Away from the table for quite some time, banks are now looking to win low-risk customers by offering switching deals. Indeed, most of the better rates are now available only to new customers.
If you’re on a cheap tracker mortgage, these deals should be of no interest to you, as you won’t be able to do any better than your existing mortgage. If, however, you held firm to a variable rate mortgage, or you bought in recent years and are on a fixed rate which is north of 4 per cent, it may be time.
Before you talk to your bank, however, remember that if your fixed rate has some time to run, it’s unlikely to make sense to switch now. Banks typically impose “redemption penalties” if you break such an agreement, which can be hefty and may dilute or negate the benefits accrued from switching.
Switch and save
If you are in a position to switch, it can make financial sense to do so, and it seems that the appetite is there.
Before Christmas, Sean Couch of Dublin Mortgage Company ran a campaign targeting recent homebuyers, who are likely to be on high rates, and whose loan-to-value is likely to have fallen below 80 per cent thanks to recent property price rises. Of the letters he sent out, he got a 10 per cent response rate, which would be higher than your average mail drop.
Kevin McNerney, of First Rate Financial Planning, has also noted considerable interest from customers in switching their mortgage, and notes that people are achieving average savings of about €15,000-€20,000 over the life of the loan.

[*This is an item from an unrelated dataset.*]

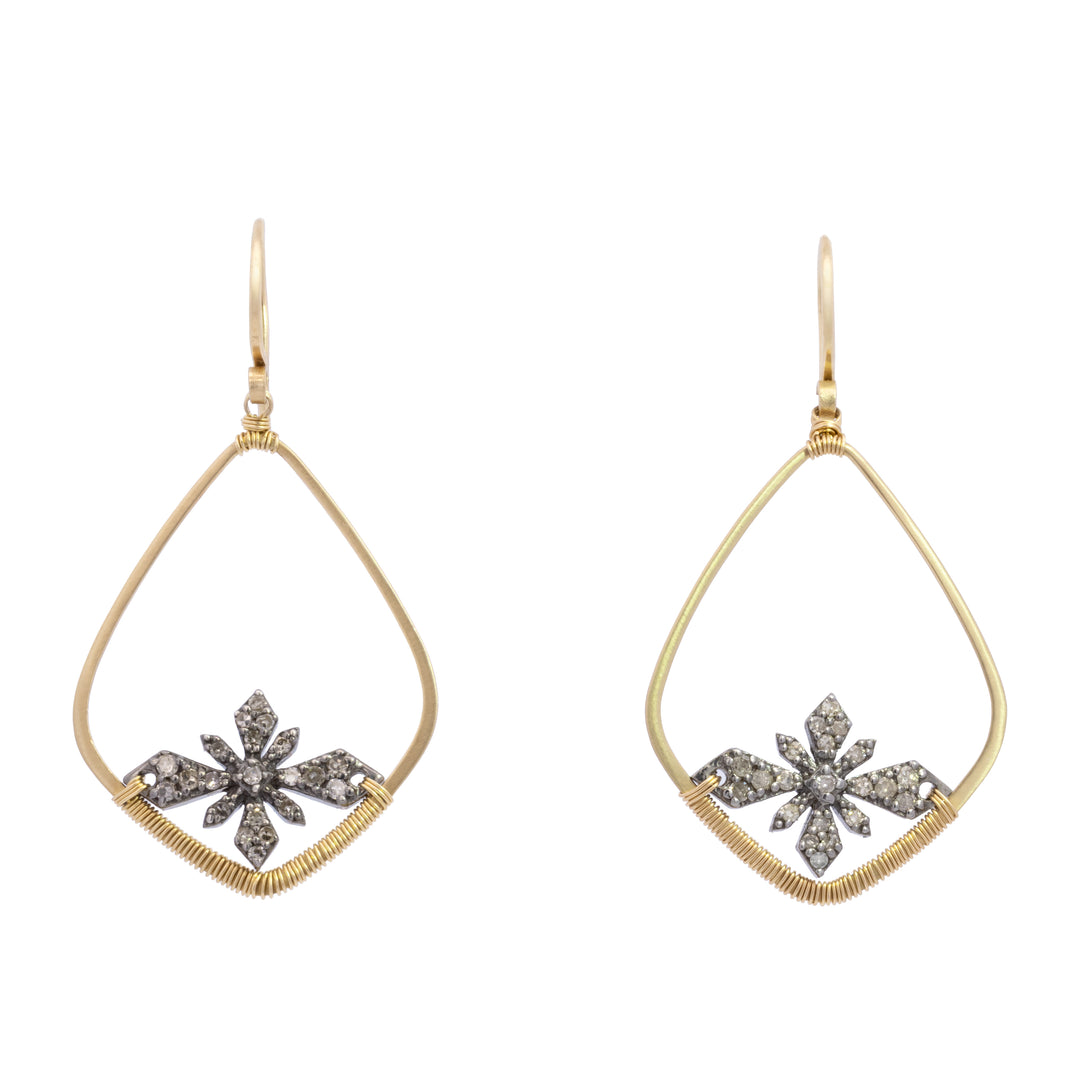 Mixed Metal Diamond Open Drop Earrings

Consider the example of someone with €250,000 left on their mortgage over 24 years at a rate of 4.5 per cent. If they secured a rate reduction of just 0.3 per cent, they would save themselves €40 a month – or a significant €11,532 over the life of the mortgage.
If they secured a rate of 3.8 per cent, the savings would be even greater, at €92 a month, or €26,673 in total, if rates stayed the same.

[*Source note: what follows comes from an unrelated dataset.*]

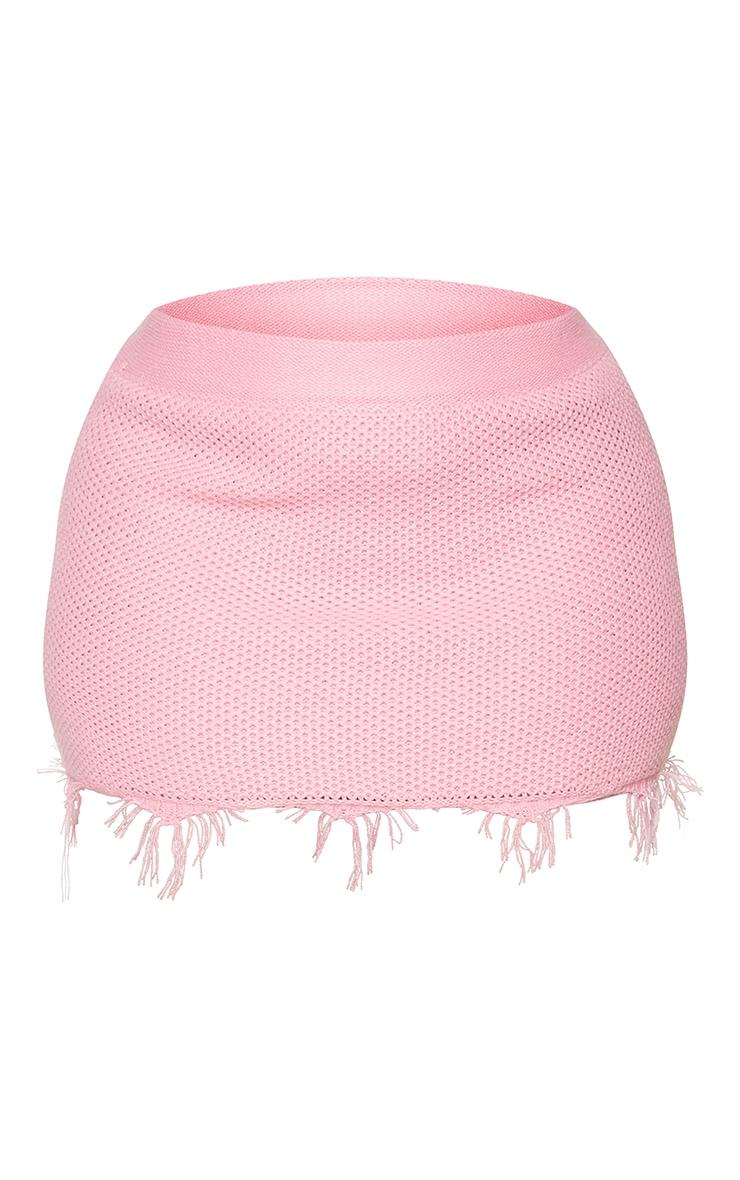 Plus Pink Raw Hem Knit Skirt Product Image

Switching your mortgage isn’t free. Banks will typically require you to get a valuation of the property carried out ahead of switching and you can expect this to cost upwards of about €130+VAT.
Generally this isn’t paid for by a bank. Additional administration fees or costs associated with the deeds may also apply.
In addition, just like when you first bought the property, you’ll need legal advice to move your mortgage.
According to McNerney, you should be able to obtain this for about €1,000 but, like everything, fees will differ so ring around before making a decision.
If you look to remortgage via a broker, you might find that they have a deal with solicitors for the process or some sort of special offer.
Couch, for example, is offering a deal whereby he will cover any additional costs incurred in switching over and above the incentives offered by the banks (see below). This should make the process almost cost-free.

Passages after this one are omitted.